11.01.2022 | facebook.com/Wydawnictwo-Phantom-Books-608481312540765/ | underluk
O kooperacji Phanotm Books i Sinister Horror Company wspomniałem pod koniec grudnia. Efektem będzie np. polskie wydanie „Hellships” Benedicta J. Jonesa.
--
Cieśnina Malakka.
Gdzieś pomiędzy Półwyspem Malajskim a Sumatrą.
Luty 1944 roku.
Trwa wojna.
Dziewięciu ocalałych rozbitków ze storpedowanego przez Japończyków statku "Empire Carew" dryfuje w łodzi ratunkowej z minimalnymi zapasami, ich sytuacja pogarsza się z dnia na dzień, wszystko wydaje się stracone.
Z czasem, niczym dar od bogów, zauważają na horyzoncie okręt wojenny. Okazuje się, że to opuszczona japońska „łajba”.
Ocalonym z pogromu marynarzom wydaje się, że zbawienie jest na wyciągnięcie ręki, jednak to zbawienie jest czymś, o co będą mogli się tylko pomodlić.
Gdy grupa ocalałych wchodzi na opuszczony pokład - rozpętuje się piekło.
Brutalny i krwawy horror wojenny, natężeniem koszmaru przywodzący na myśl filmy z serii „Hellraiser”, „Silent Hill” czy „Event Horizont”.

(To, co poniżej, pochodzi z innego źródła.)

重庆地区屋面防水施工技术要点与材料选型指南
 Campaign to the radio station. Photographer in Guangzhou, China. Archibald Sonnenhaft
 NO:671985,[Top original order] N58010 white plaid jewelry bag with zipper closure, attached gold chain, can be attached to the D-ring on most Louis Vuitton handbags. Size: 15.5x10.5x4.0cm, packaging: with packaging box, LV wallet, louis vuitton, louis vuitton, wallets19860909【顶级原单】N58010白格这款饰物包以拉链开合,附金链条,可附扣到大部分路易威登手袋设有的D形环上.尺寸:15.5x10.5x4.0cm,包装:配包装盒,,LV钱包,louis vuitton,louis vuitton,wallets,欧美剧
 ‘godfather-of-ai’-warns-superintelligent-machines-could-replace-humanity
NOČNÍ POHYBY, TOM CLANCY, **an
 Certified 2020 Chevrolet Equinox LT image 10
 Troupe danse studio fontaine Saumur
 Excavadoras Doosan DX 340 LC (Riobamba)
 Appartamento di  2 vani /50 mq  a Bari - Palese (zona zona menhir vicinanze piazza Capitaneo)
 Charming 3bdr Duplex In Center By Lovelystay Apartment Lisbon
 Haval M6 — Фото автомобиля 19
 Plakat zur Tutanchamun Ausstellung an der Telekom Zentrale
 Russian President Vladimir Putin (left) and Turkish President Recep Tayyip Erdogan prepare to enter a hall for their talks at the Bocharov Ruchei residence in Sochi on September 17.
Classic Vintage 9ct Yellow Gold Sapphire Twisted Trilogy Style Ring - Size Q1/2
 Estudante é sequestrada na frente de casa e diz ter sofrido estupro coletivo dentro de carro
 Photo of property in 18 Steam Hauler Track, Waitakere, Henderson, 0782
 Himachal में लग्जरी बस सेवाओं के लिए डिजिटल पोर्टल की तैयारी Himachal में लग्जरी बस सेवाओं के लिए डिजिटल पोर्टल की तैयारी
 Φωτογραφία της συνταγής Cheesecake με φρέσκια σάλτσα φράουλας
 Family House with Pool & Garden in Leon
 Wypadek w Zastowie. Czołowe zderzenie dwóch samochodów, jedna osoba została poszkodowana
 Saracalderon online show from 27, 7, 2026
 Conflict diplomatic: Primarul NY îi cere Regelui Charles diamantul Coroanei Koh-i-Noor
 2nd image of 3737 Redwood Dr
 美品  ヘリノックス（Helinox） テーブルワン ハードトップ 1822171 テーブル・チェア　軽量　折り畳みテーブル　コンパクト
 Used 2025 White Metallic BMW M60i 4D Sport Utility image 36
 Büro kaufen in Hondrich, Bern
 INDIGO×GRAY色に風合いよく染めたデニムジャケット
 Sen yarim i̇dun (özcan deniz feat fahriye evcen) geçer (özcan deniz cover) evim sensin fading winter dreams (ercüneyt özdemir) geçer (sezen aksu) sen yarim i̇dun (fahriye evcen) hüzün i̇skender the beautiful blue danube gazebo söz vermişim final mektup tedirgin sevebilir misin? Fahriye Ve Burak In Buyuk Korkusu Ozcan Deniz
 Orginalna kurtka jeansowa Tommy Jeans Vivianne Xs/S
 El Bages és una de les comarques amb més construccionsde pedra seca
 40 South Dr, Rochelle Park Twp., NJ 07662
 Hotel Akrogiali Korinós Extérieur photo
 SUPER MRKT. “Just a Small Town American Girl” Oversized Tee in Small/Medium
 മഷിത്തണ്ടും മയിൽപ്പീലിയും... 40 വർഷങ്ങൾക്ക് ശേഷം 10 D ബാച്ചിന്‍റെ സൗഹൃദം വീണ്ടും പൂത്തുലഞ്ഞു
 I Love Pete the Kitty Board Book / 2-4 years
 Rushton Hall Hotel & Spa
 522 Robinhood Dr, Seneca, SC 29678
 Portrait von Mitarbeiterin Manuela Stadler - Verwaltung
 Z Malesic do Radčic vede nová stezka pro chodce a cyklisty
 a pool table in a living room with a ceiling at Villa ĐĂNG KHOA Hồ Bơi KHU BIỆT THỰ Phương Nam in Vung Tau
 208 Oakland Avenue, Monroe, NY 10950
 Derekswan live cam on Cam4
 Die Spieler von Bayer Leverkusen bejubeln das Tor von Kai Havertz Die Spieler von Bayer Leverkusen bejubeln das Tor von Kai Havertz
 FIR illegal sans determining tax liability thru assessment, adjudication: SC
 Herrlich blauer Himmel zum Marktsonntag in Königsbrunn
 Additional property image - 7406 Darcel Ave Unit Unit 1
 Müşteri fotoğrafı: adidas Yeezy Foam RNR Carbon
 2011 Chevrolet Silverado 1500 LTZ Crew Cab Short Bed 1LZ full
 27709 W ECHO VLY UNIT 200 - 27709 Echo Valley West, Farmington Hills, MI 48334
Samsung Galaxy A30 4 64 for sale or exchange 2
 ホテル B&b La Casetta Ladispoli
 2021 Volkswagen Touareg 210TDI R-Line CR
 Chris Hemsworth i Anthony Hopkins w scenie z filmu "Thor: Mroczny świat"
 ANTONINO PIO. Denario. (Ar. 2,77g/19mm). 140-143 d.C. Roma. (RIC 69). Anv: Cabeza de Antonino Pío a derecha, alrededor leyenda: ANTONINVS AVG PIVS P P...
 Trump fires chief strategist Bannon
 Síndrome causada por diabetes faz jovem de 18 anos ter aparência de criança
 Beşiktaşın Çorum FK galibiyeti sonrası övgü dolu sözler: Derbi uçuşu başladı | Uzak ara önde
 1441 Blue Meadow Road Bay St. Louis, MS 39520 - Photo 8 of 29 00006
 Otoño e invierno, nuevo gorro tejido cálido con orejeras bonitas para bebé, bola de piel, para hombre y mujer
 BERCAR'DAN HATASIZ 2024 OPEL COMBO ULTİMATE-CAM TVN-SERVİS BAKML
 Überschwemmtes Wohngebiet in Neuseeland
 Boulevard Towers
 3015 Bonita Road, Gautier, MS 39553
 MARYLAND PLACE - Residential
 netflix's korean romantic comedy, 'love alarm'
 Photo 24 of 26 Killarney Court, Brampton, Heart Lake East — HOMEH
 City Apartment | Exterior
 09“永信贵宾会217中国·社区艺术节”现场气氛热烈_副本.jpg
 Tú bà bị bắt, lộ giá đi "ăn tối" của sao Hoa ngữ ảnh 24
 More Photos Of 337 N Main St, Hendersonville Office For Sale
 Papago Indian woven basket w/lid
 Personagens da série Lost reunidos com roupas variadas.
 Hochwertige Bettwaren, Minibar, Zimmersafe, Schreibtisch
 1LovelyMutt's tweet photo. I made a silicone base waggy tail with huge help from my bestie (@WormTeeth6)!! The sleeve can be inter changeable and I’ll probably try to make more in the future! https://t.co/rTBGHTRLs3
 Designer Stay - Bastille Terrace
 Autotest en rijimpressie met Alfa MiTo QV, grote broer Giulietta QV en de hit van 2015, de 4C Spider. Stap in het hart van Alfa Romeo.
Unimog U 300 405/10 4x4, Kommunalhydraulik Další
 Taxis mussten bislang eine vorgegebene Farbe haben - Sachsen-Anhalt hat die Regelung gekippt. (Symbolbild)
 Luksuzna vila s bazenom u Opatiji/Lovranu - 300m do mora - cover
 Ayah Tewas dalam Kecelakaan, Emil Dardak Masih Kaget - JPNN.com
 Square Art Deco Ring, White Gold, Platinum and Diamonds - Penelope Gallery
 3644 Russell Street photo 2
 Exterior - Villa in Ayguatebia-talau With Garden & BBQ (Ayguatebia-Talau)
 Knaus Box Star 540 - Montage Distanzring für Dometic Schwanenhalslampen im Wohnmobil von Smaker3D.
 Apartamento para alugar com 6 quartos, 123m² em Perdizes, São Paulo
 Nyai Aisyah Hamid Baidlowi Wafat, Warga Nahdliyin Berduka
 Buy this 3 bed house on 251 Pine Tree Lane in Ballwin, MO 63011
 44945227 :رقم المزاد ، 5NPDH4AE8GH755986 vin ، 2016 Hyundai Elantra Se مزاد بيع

Piekielne statki (ang. Hellships) – japońskie statki i okręty, które w czasie wojny na Pacyfiku służyły do transportu alianckich jeńców wojennych. Japońskie źródła podają, że spośród około 50 tys. jeńców, których przewożono „piekielnymi statkami”, blisko 10,8 tys. poniosło śmierć w trakcie rejsu. Według niektórych badaczy liczba ofiar mogła jednak sięgnąć nawet do 22 tysięcy.
--
Premiera jeszcze w tym roku, ale raczej jakoś na jesieni.